Souvenirs from the Ship
CA-69 line art etching inscribed: Frank Studenski S 1/C

7/21/17

My dad did not have a Cruise Book.   Apparently, they are incredibly rare   –   a limited number were printed (once only – no reprints.)   The National Archives has a copy.   Some crewmembers” families possess one . . . a memento of their loved one’s service aboard the great ship.   While I knew of their existence, I had never seen one until I met Pat Fedele.   Pat has a copy.   None of the other plankowners I met had one.   After all those years (60+), no one seemed to remember who got them, how they got them, or why.   I was curious why my father didn’t have one . . .   (By the way, Pat, loaned me his book   –   let me take it home for a couple of weeks so I could scan the pages.   Another reason I love this guy.   He was willing to trust a stranger with that prized possession.)

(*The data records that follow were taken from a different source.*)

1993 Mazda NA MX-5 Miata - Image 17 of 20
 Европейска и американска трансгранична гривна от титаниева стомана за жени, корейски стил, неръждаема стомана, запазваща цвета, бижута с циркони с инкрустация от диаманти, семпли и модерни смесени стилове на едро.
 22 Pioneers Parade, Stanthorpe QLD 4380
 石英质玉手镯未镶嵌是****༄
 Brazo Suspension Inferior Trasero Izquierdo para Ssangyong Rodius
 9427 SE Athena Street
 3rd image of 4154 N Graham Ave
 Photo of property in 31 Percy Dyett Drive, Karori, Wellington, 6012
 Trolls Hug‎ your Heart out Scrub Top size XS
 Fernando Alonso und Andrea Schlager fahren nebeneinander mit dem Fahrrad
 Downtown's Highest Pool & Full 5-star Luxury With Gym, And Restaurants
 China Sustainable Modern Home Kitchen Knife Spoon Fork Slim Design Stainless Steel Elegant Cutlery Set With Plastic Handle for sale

Fast forward a couple of years.   I visited Frank Studenski in his home in N.C.   There on the wall was this great black and white etching of the Boston, framed with handles on the side.   I recognized it immediately.   One just like it hung in my room when I was a kid.   (It had long since disappeared.)   The protective glass on Frank’s copy was missing, but the right-angle handles were intact.   You see, it is a tea tray.

I asked Frank about the Cruise Book.   He didn’t have one.   I asked him about the “Boston Tea Tray” that was hanging on his wall and he said he wasn’t sure why, but some guys got a Cruise Book, and some guys got the picture.   A few years later Frank died.   In one of the strangest twists of fate that I have experienced, Frank’s tea tray (minus the handles) came into my possession.   I am humbled and honored to own this, but it came to me in a cloud of great sadness.

Speaking of souvenirs from the ship . . .   Bob Knight told me that when they mustered off the ship all they could take with them was whatever fit inside their duffel bag.   Bob, like many others, had to leave behind many items that he had saved for his return to civilian life.